The starting second baseman and manager, for forty-nine games, of the 1897 St. Louis Browns was William Wilson Hallman. Hallman was a legit pro who played in over 1500 major league games but he was never a great player. In Major League Baseball Profiles, Volume One, Dave Nemec writes the following about Hallman:
[His] peak years came in 1893-96, when anything less than a .300 BA was a mark of failure. Consequently, his .272 career BA (built around four consecutive .300 seasons during his peak) was about average for his position and some 10 points below the league mark of .282. Hallman was also about dead average as a fielder...
In 1897, Hallman was just awful. He had an OPS+ of 46 and -1.3 WAR for the Browns in eighty games, after they traded Tommy Dowd to get him from the Philadelphias on June 1. And they made him the manager.
The failures of the 1897 Browns can not be placed on the shoulders of manager Hallman. This disaster wasn't his fault. But we can identify one of the problems that the club had as being the fact that they played someone as bad as Hallman at second base for eighty games. Among players who got a significant amount of playing time for the 1897 Browns, Hallman put up the worst numbers - except for, perhaps, Morgan Murphy, who was the backup catcher.

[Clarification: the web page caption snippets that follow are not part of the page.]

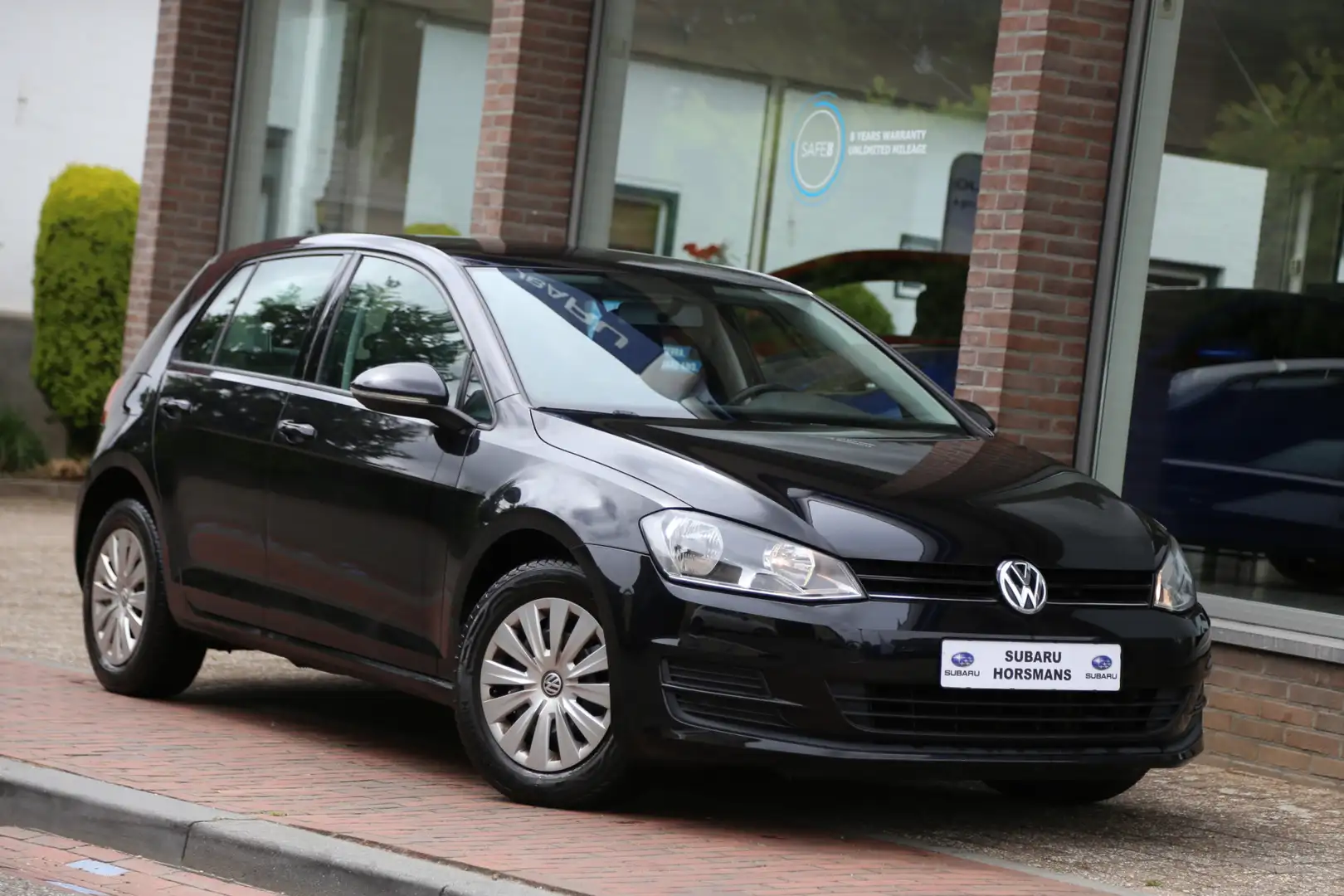 Volkswagen Golf 1.2 TSI Trend Edition Navi Noir - 1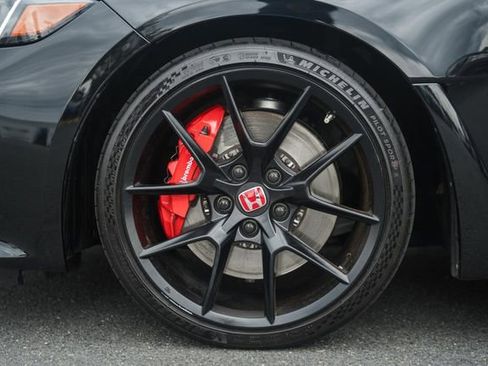 Used 2025 Honda Civic Type R image 16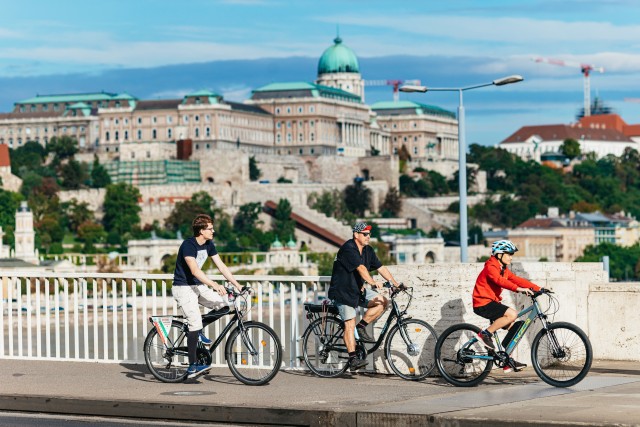 Visit Budapest Grand Sightseeing Bike Tour in Budapest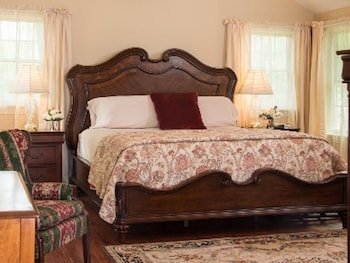 Caldwell House Bed & Breakfast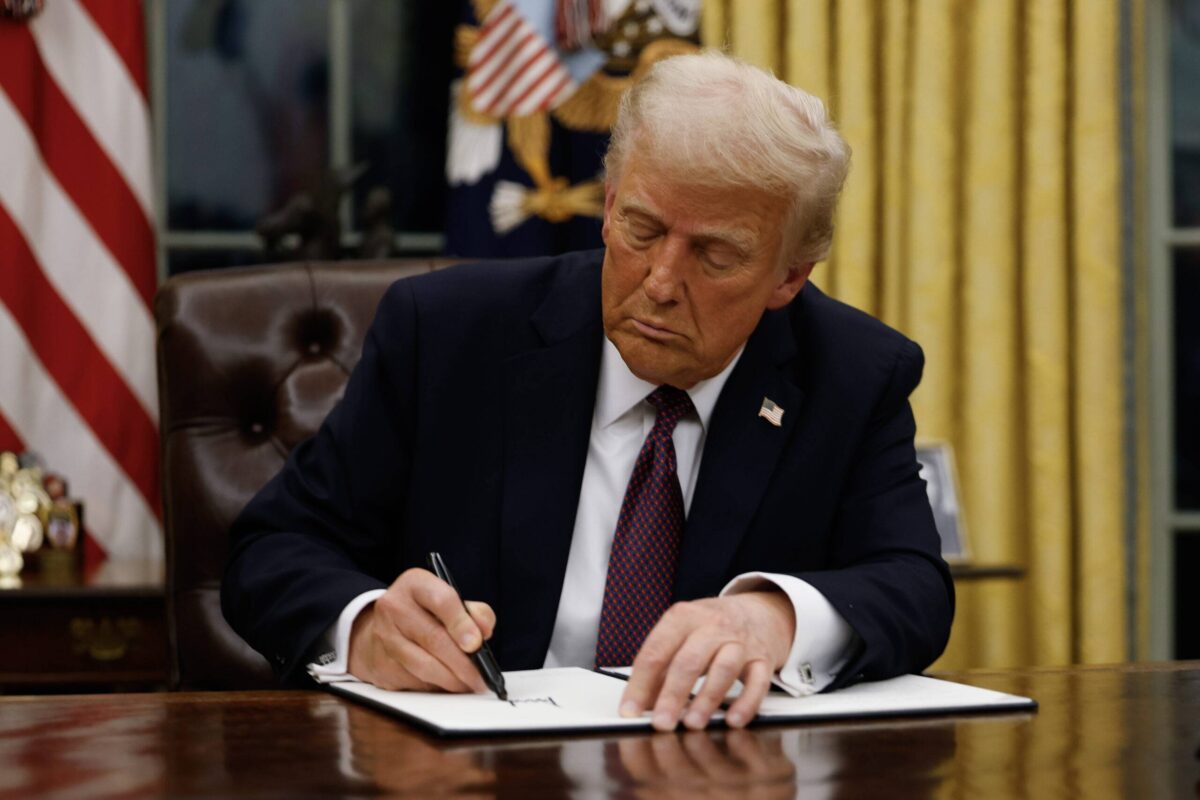 Donald Trump yang Abu-abu, Pembawa Harapan atau Penyulut Peperangan?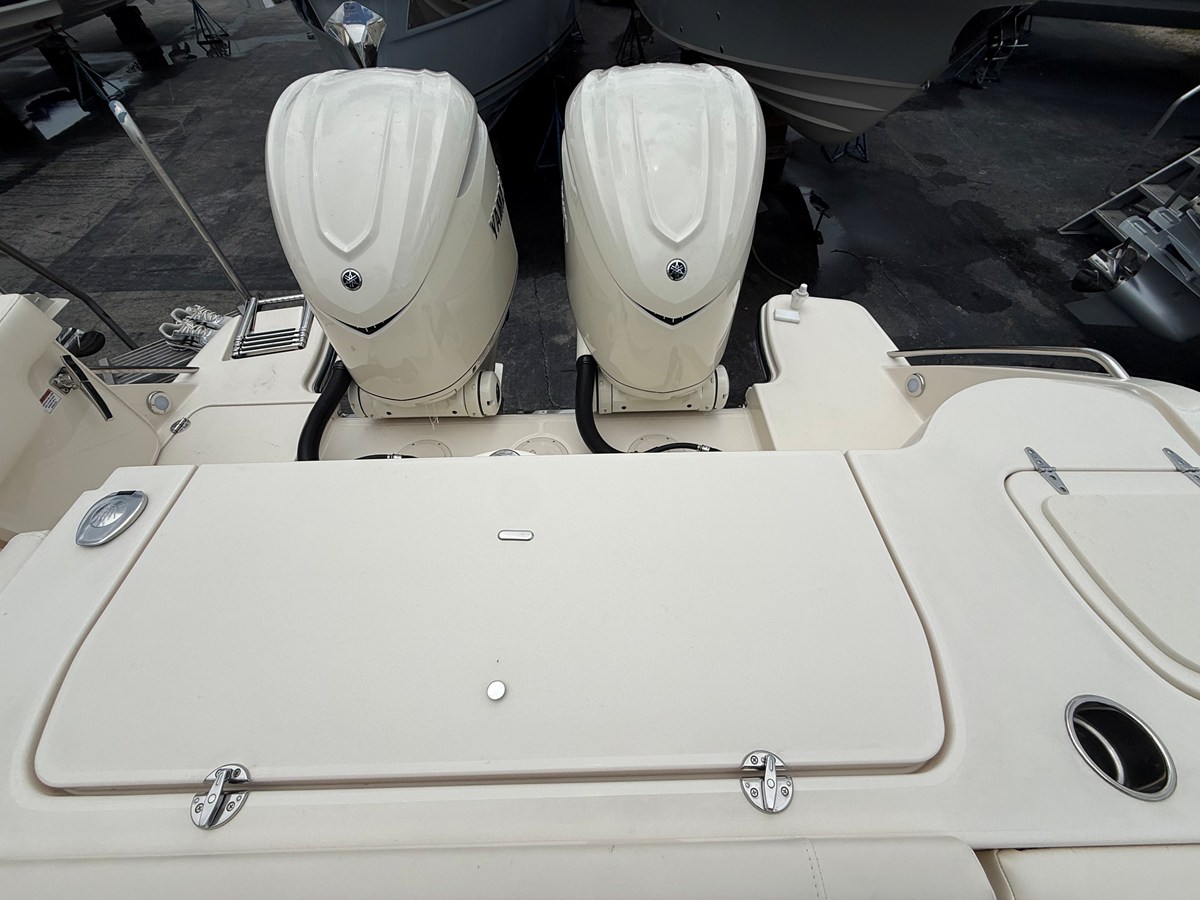 GRADY-WHITE FREEDOM 325, photo 21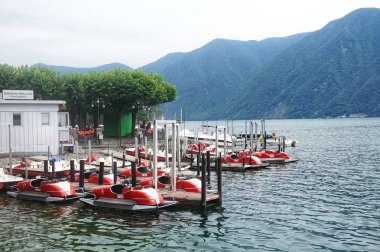 Sahilden Lugano Gölü manzarası.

So Hallman, while a decent little player over the course of his career, was just terribly bad for the Browns in 1897. Among a group of players who did not have a particularly good season that year, his numbers really stand out.
Returning to Major League Baseball Profiles to wrap this up, Nemec mentions a couple of interesting things:
Bill Hallman was an actor and vaudeville song-and-dance man in the off-season during his playing days. It kept his legs in shape and seems to have earned him more recognition than he ever received for [his baseball career...]
Initially a favorite of Browns owner Chris Von der Ahe's, he swiftly lost the fickle mogul's suport once he was named manager of the club. Hallman was fined $200 by Von der Ahe after he broke his thumb in Cleveland and then contracted malaria that he claimed was brought on because "the dressing rooms which Von der Ahe furnishes his players are never clean."